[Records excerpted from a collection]
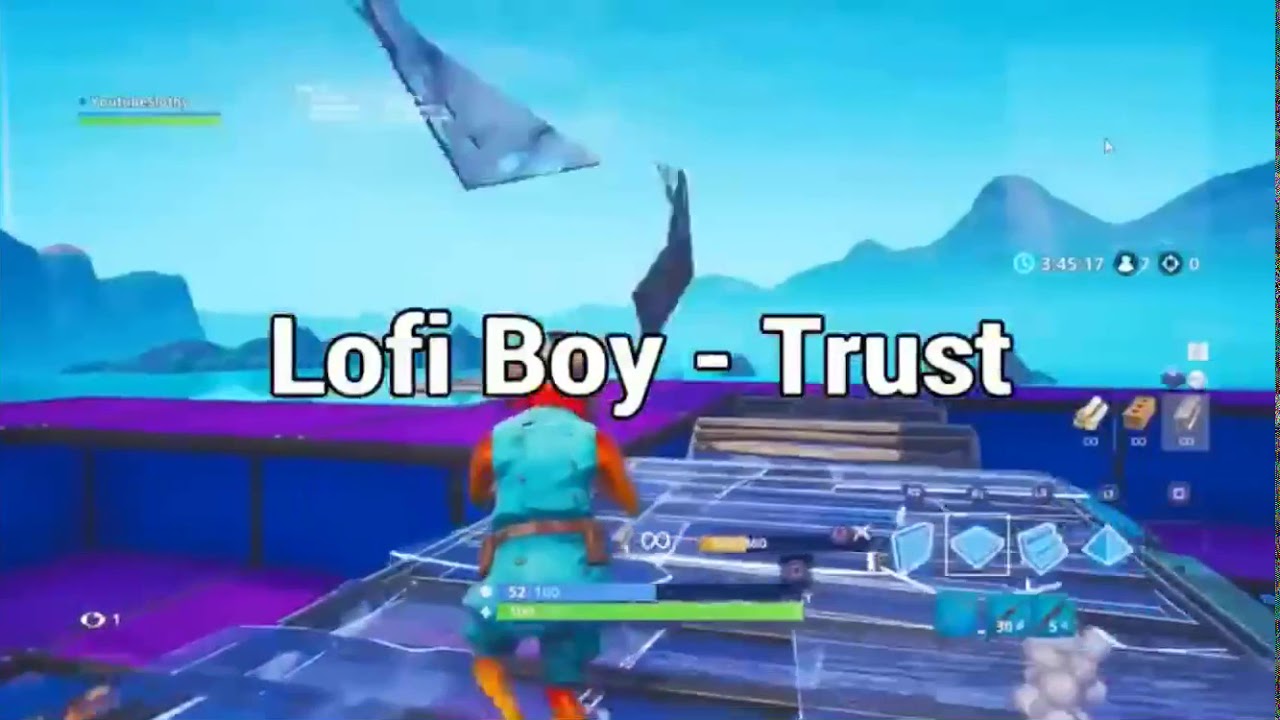 5 No Copyright Songs For Fortnite YouTube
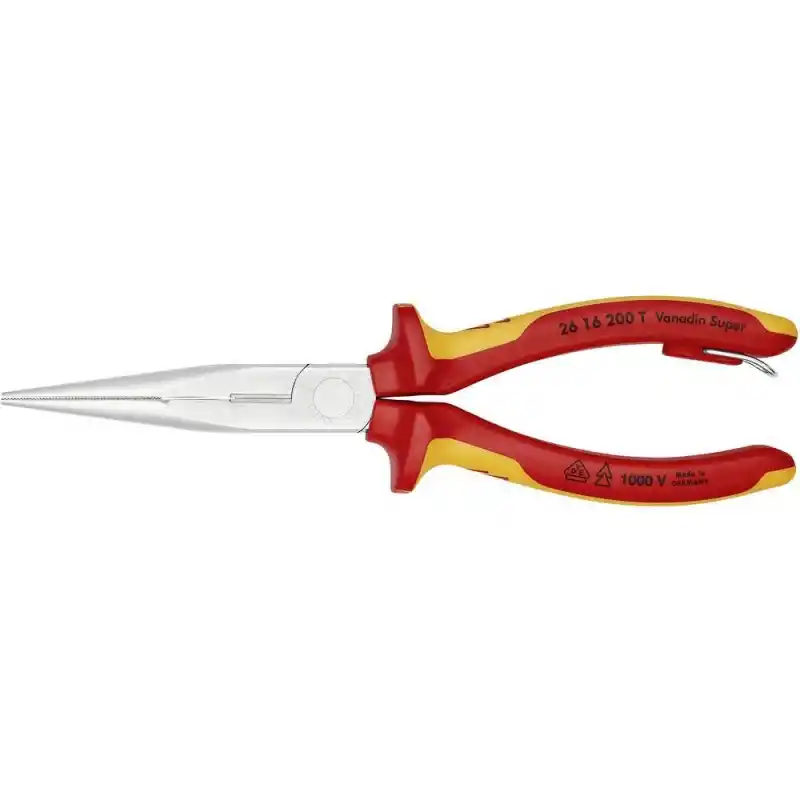 Knipex 26 16 200 T Kargaburun VDE
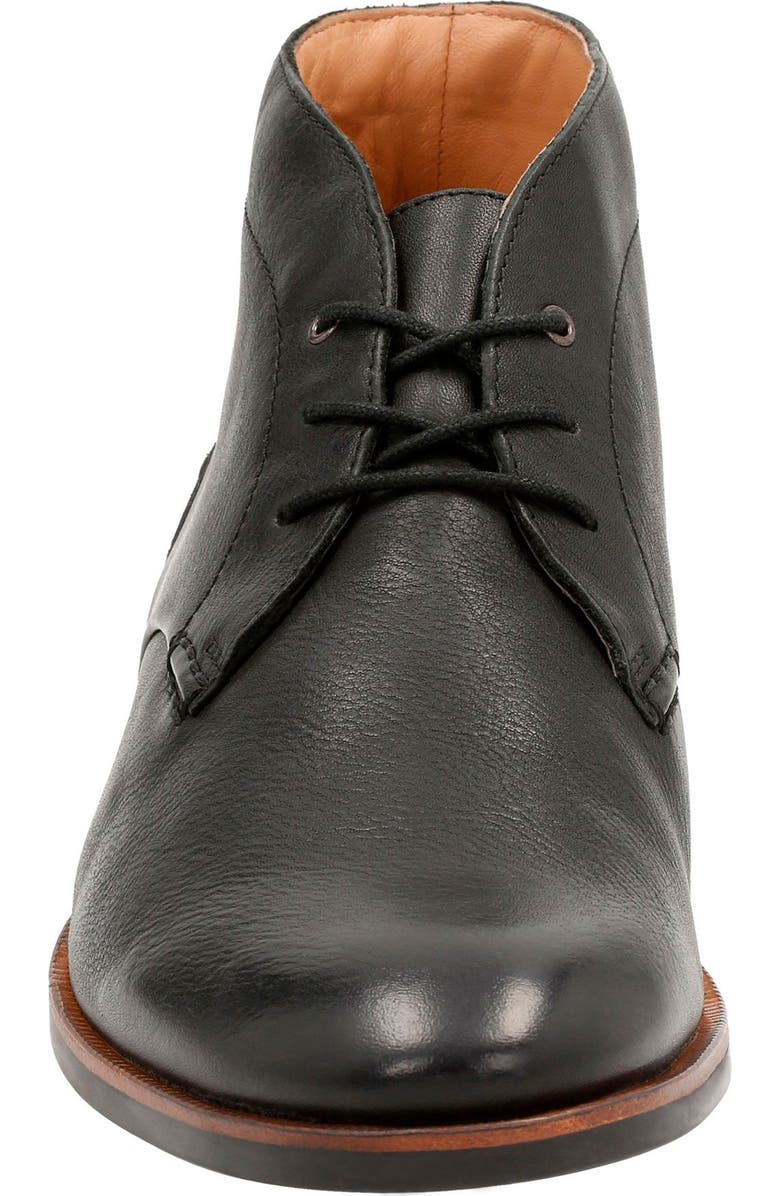 Clarks<sup>®</sup> Broyd Mid Chukka Boot, Alternate, color,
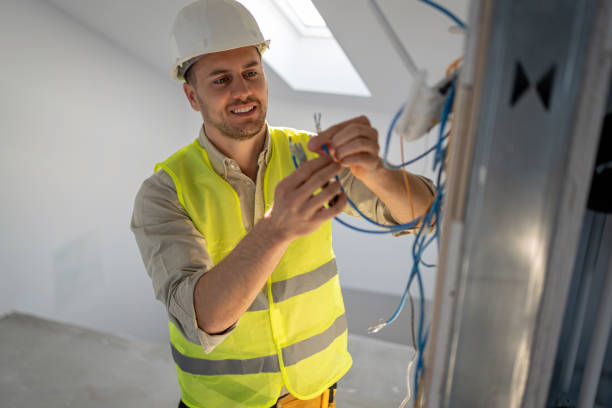 Best Electrical Troubleshooting Services  in Lomira, WI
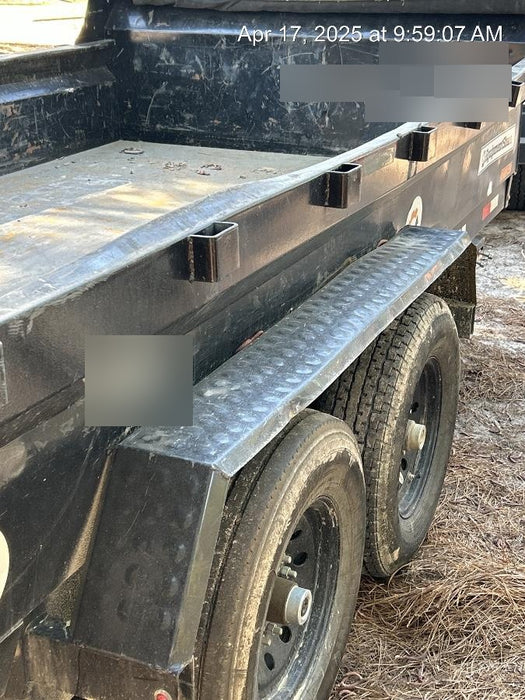 2023 SOUTHLAND SL270T-14K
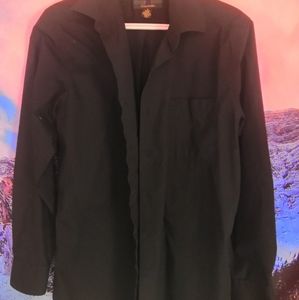 Alexander Julian Colours Long Sleeve Button Down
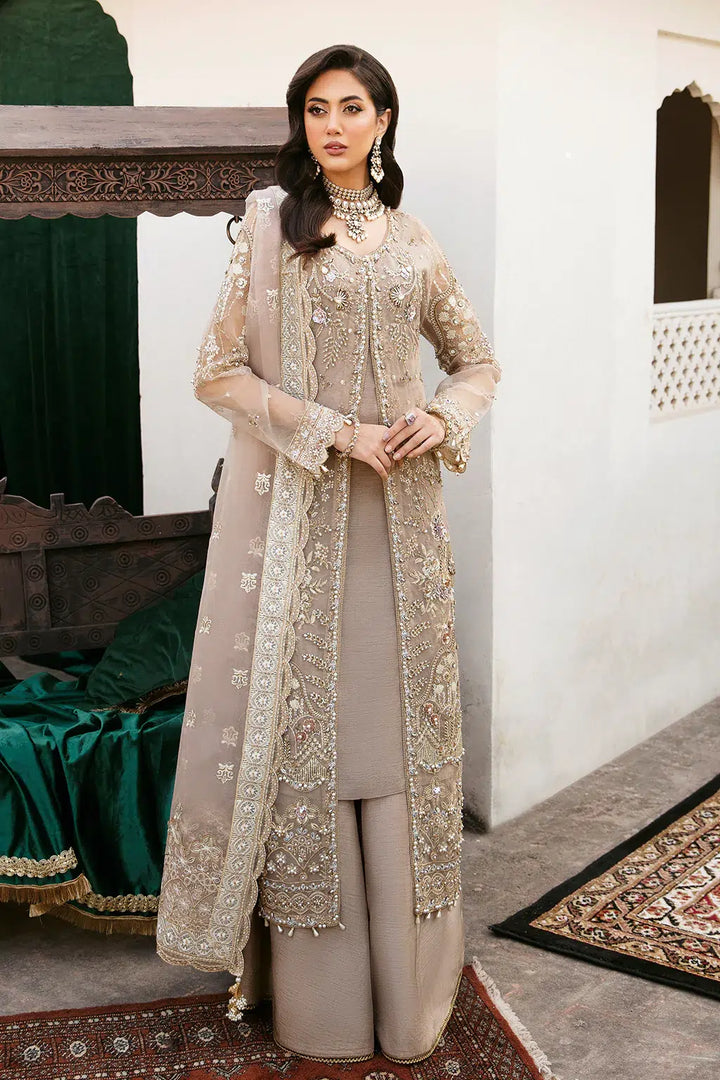 Ramsha | Luxury Wedding Collection 2023 | H-304 - Waniyas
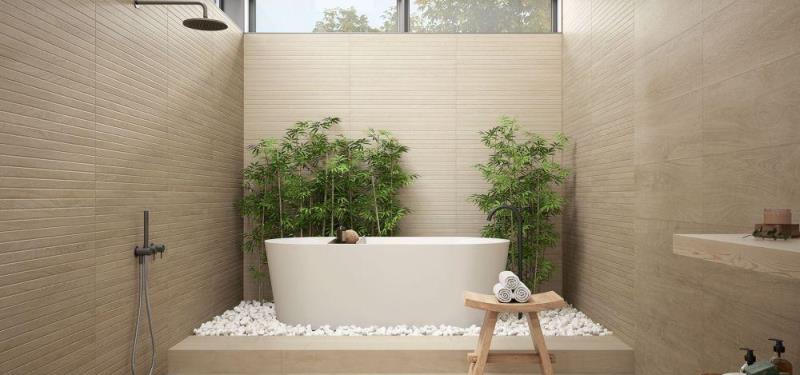 Clash Argenta Ceramica
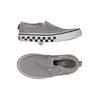 Vans Herren Kinderschuhe, Gr. 28, grau, kein Etikett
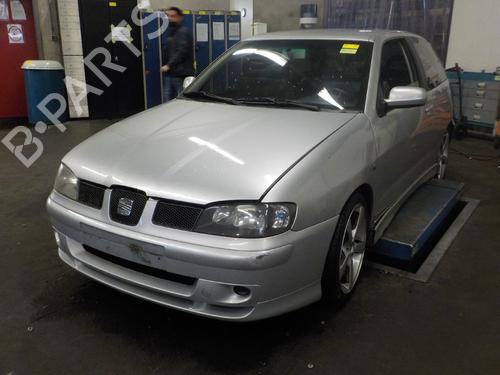 Used Parts SEAT IBIZA II (6K1) 1.8 T 20V Cupra (156 hp) 827888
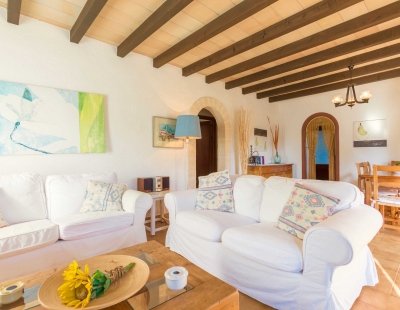 Book a villa holiday in Balearic Islands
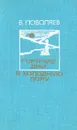 Горячие дни в холодную пору - В. Поволяев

:: Exercise directions ::
What is needed is an exact transcription of the lines from the one containing "Used Parts SEAT" through the last line of the records above, both included, with no pictures.

:: Worked solution ::
 Used Parts SEAT IBIZA II (6K1) 1.8 T 20V Cupra (156 hp) 827888
 Book a villa holiday in Balearic Islands
 Горячие дни в холодную пору - В. Поволяев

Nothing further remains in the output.